→ **Your instructions**
Each line from the one containing "Syringoma removal naturally" to the end of the entries below is to be set down exactly; the pictures are not.

[Scraped caption text data]
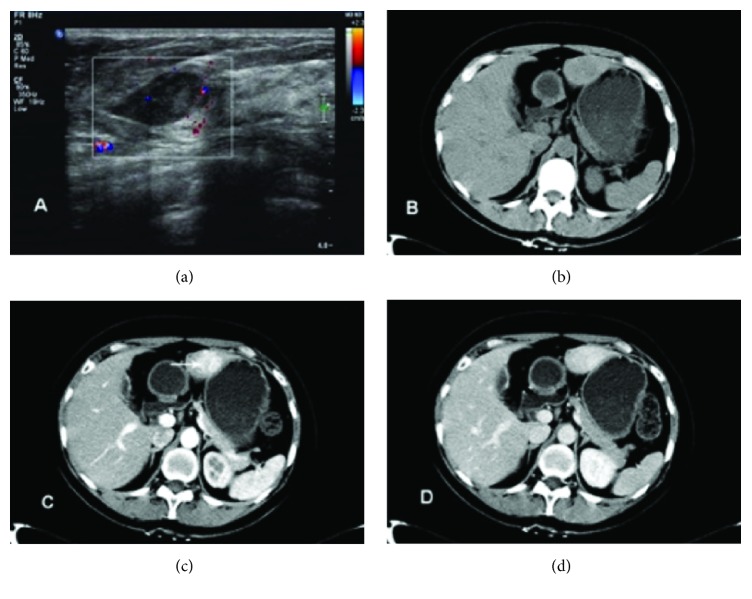 Development of Focal Nodular Hyperplasia after Cyclophosphamide-Based Chemotherapy in a Patient with Breast Cancer.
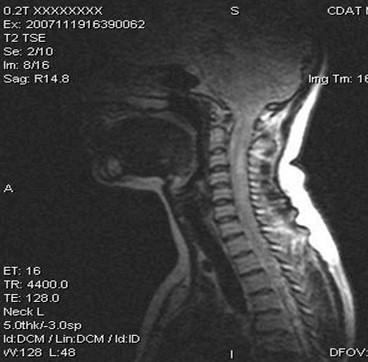 caso_esclerosis_multiple/brote_medula_espinal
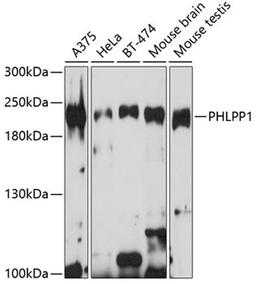 Western blot - PHLPP1 antibody (A9542)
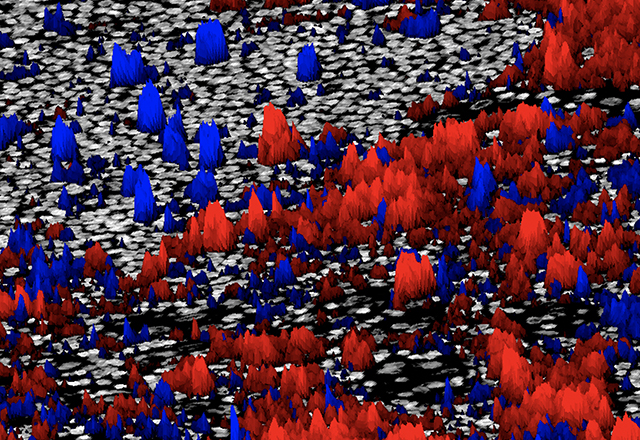 This image is a visualization of tumor and immune cells within a cancer biopsy, analyzed using the AstroPath platform developed by researchers at Johns Hopkins University. 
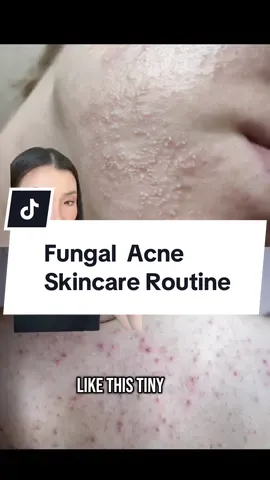 Skincare routine & tips for fungal acne #fungalacne #fungalacnesafe #acneprone #acneproneskincare #fungalacnetips #acneskincareproducts #fungalacnetreatment #skincaretips #greenscreenvideo #greenscreen 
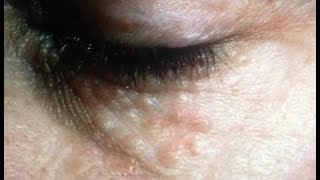 Syringoma removal naturally FAST at home  My Experiment w Transformation Results [upl. by Bonni]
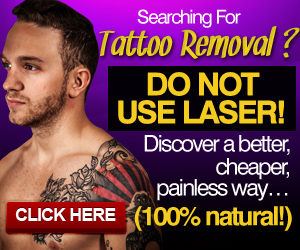 Tattoo Removal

→ **Answer space**
 Syringoma removal naturally FAST at home  My Experiment w Transformation Results [upl. by Bonni]
 Tattoo Removal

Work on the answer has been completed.